These objectives will enable design of recommendations for improvement of UNKTs performance and include changes into the new UNDAF.

Evaluation Criteria and Questions

UNDAF evaluation will fully rely on the United Nations Evaluation Group ‘Norms and Standards for Evaluation”, in and specifically supported by the five principles of OECD/DAC and their questions below:

Relevance: The extent to which the objectives of UNCDP are consistent with Kosovo’s needs, priorities, the country’s international and regional commitments (EU integration and SDGs), including on human rights (CEDAW, CPRD, CRC, etc.) and the recommendations of Human Rights mechanisms, sustainable development, environment, and the needs of women and men, girls and boys in Kosovo.
• To what extent are UNCDP objectives or outcomes still valid and aligned to key Kosovo’s development priorities including their underlying and root causes priorities?
• To what extent have human rights principles and standards been reflected or promoted in the UNCDP?
• To what extent and in what ways has the UNCDP responded to reducing inequalities and other cross-cutting issues reflected in UNCDP? Were the specific goals and targets for vulnerable and marginalized people set and if so have they been met?
• To what extent has institution-building and institution-strengthening taken place in human rights and gender equality terms?
• To what extent the UNCDP clearly articulated results (outcome level), indicators for measuring progress, and budgetary resources reflected UN focused framework and the system’s comparative advantage?
• To what extent UNCDP incorporates the SDGs agenda currently and how can the UNDS in Kosovo ensure that the Agenda 2030 is fully incorporated in the next UNCDP cycle?

Effectiveness: The extent to which the UNKT contributed to, or is likely to contribute to the outcomes defined in the UNCDP. The evaluation should also note how the results have affected Kosovo’s development positively or negatively as per foreseen plans.
• To what extent UNCDP objectives or outcomes were achieved? What are the major factors that facilitated or hindered the achievement of these objectives?
• What can be learned and incorporated into the next UNDAF cycle?
• What are the collaborative advantage of the UN organizations to contribute to the achievement of development objectives in Kosovo? How have the UN agencies used these to support the implementation of the UNCDP?
• What system and tools exist for monitoring implementation of the UNCDP? What challenges have been experienced in ongoing monitoring of UNCDP implementation?
• To what extent the UNCDP contributed to the SDGs - although its priorities were agreed before the SDGs were adopted in 2015?

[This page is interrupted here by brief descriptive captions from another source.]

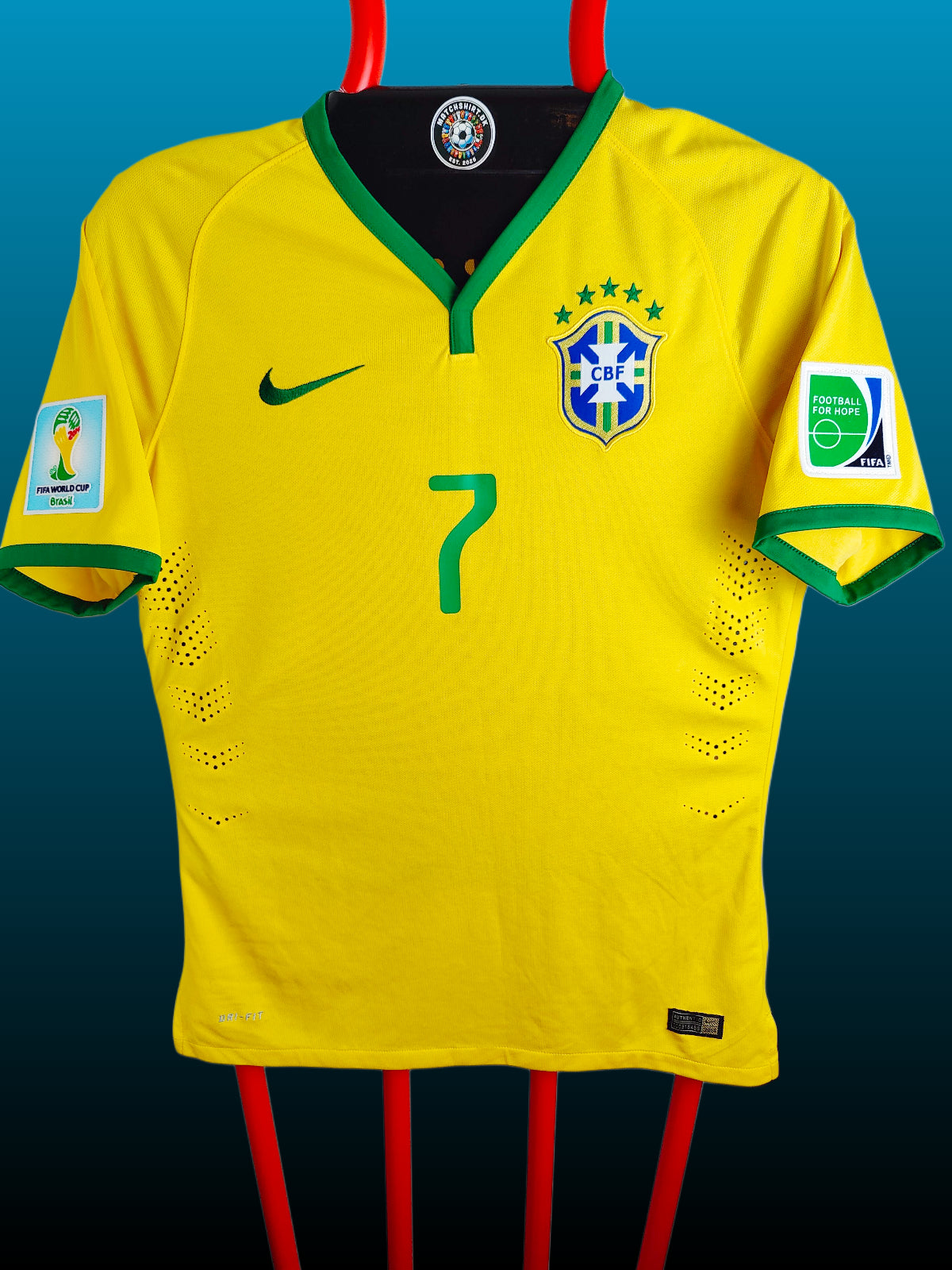 Hulk Brasilien VM 2014 Hjemmebanetrøje – Str. L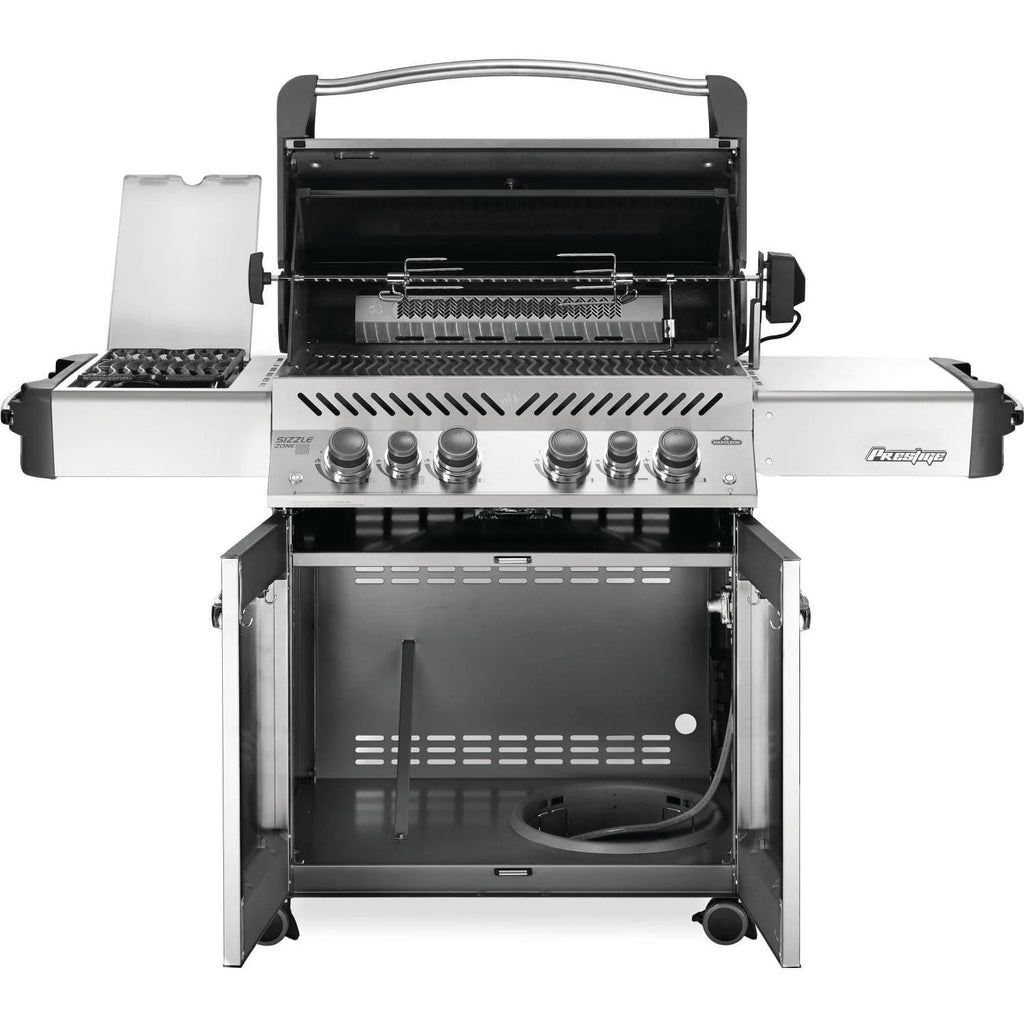 Propane Gas Grill With Infrared Rear Burner And Infrared Side Burner K420046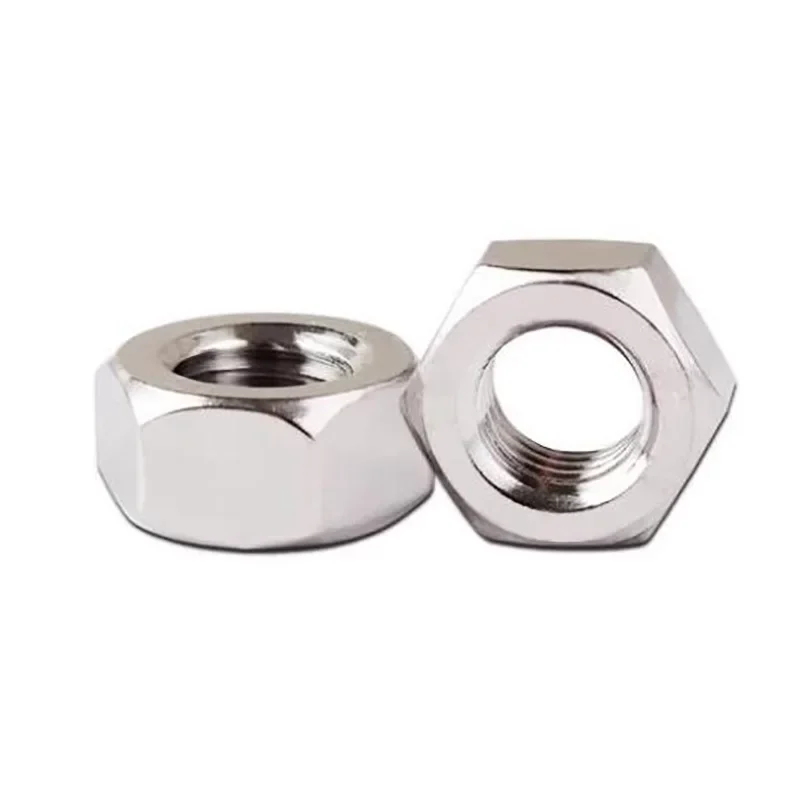 Nickel Plated Hex Hexagon Nut M1 M1.2 M1.4 M1.6 M2 M2.5 M3 M4 M5 M6 M7 M8 M10 M12 M14 M16 M18 M20
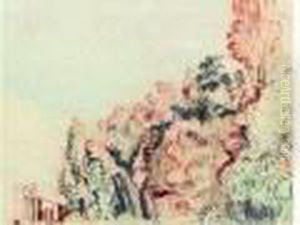 Vue De Son Atelier by Georges Lemmen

Efficiency: The extent to which outcomes are achieved with the appropriate amount of resources and maintenance of minimum transaction cost (funds, expertise, time, administrative costs, etc.).
• To what extent does the UNCDP demonstrate a complementary and coordinated approach by the UN Development System (UNDS), including consideration of joint programming and common positions on situations of concern? Are UNCDP priorities sufficiently targeted to maximize efficiency?
• To what extent does the UNCDP underpin the UN transparency and accountability to beneficiaries of assistance, including through clear mechanisms for accountability?
• To what extent and how has the UN system mobilized and used its resources (human, technical and financial) and improved interagency synergies to achieve its planned results in the current UNCDP cycle?
• To what extent harmonization measures at the operational level contributed to improved efficiency and results?

Sustainability: The extent to which the benefits from a development intervention have continued, or are likely to continue, after it has been completed.
• Has UNCDP enabled innovative approaches embedded in institutional learning for capacity development (government, civil society and NGOSs) to enable these actors to continue achieving positive results without the UN/development partners’ support?
• Have complementarities, collaborations and /or synergies fostered by UNCDP contributed to greater sustainability of results of Development partners and Government interventions in the country?
• Does the UNCDP respond to the challenges of capacity development and promote ownership of programmes?
• Analyse to what extent results achieved and strategies used by the supported Country Programmes and projects are sustainable (i) as a contribution to Kosovo’s development and (ii) in terms of the added value of UNCDP for cooperation among individual UN agencies.
• To what extent and in what ways have capacities been enhanced in Kosovo’s institutions, civil society and NGOs?
• Have complementarities, collaboration and / or synergies fostered by UNCDP contributed to greater sustainability of results of Country Programmes and projects of individual UN agencies?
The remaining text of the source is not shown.